● ABOUT THIS EXERCISE:
All lines with the word "Street" must be pulled from the entries below.

● DATA IN THIS EXERCISE:
━━━━━━━━━━━━━━━━━━━━

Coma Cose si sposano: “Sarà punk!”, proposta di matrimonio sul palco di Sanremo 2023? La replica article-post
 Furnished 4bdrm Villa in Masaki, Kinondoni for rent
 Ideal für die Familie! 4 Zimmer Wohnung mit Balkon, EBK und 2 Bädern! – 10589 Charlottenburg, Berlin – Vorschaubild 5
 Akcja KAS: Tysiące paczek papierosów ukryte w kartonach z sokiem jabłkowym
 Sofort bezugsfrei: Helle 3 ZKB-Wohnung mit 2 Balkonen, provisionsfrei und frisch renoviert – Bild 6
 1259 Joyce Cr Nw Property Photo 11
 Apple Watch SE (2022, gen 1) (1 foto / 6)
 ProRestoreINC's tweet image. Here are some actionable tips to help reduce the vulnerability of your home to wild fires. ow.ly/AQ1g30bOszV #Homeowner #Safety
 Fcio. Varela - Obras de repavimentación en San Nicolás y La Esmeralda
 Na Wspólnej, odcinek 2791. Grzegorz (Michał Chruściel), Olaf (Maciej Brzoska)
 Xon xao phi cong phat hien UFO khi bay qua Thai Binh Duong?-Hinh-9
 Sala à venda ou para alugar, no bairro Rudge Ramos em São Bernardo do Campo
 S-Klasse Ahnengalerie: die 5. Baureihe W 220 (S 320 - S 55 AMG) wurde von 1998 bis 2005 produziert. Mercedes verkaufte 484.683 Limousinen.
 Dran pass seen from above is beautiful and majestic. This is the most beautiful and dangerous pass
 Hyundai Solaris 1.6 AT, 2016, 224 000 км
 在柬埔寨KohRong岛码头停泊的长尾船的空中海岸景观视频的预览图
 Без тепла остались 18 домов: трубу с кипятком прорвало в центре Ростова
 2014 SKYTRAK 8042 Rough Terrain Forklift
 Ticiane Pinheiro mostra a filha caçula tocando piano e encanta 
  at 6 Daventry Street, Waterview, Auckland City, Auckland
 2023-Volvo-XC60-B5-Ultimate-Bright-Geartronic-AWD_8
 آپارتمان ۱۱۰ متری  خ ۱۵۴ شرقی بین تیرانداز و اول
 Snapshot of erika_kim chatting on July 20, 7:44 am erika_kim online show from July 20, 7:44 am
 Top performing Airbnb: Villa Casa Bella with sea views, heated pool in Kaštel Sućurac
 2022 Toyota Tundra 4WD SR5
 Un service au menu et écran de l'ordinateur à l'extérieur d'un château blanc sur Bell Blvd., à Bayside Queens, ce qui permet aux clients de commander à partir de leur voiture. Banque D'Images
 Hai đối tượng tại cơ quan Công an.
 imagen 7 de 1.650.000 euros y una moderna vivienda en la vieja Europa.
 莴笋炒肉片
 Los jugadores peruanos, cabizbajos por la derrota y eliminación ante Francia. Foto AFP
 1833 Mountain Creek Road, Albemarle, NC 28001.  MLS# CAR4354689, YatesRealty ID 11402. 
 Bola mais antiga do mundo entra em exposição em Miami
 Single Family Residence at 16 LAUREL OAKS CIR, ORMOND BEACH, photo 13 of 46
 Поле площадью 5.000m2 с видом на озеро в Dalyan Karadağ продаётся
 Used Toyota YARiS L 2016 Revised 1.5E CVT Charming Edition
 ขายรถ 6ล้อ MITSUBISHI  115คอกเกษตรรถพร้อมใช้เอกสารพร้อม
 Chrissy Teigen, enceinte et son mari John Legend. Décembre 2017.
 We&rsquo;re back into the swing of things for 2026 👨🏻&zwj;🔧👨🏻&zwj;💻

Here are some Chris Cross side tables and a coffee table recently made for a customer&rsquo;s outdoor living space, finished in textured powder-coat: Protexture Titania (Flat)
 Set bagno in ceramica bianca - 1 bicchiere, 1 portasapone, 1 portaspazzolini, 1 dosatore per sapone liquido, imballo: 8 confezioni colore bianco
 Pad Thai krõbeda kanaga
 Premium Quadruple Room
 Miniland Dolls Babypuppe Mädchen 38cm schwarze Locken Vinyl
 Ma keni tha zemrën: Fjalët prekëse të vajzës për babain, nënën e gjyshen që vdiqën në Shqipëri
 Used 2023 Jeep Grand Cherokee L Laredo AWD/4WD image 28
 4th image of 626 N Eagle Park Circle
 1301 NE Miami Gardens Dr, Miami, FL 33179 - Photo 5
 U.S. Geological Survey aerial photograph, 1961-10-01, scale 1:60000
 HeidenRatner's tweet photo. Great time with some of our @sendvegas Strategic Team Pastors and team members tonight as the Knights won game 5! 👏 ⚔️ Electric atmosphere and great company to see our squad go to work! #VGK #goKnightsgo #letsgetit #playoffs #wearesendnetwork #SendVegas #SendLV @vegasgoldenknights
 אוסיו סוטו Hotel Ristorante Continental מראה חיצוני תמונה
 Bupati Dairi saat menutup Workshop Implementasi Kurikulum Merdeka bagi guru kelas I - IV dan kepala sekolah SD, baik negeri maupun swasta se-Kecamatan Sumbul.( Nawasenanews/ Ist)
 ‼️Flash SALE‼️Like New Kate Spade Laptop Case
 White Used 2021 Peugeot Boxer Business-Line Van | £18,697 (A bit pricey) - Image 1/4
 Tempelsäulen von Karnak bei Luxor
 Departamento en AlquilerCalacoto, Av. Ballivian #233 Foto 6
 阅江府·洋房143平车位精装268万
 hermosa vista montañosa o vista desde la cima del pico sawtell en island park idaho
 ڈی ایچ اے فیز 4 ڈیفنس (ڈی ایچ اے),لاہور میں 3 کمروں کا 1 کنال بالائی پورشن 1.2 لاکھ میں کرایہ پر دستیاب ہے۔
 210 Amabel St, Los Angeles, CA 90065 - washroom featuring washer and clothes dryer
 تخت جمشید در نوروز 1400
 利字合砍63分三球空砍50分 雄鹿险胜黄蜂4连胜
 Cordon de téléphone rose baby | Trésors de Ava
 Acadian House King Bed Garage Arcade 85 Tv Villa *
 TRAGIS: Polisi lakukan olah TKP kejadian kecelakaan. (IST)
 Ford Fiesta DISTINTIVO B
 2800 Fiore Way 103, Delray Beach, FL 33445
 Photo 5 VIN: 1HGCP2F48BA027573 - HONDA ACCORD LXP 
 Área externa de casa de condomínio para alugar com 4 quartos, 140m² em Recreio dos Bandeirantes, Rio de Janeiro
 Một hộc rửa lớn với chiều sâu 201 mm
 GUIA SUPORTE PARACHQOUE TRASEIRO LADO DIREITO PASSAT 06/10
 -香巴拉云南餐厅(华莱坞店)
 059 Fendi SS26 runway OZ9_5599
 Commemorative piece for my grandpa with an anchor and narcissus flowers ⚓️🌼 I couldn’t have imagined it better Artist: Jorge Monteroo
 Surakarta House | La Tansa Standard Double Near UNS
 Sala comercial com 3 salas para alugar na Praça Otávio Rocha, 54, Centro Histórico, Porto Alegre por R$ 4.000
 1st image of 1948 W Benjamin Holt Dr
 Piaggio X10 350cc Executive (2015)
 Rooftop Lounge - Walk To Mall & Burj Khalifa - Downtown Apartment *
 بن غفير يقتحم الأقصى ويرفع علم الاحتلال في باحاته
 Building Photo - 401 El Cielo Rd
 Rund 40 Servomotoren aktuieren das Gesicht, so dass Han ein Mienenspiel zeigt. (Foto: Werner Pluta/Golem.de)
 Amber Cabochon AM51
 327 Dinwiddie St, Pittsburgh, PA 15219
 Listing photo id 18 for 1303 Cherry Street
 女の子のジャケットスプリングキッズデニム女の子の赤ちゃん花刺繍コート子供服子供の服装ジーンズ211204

━━━━━━━━━━━━━━━━━━━━

● SOLUTION TO THE EXERCISE:
  at 6 Daventry Street, Waterview, Auckland City, Auckland
 Listing photo id 18 for 1303 Cherry Street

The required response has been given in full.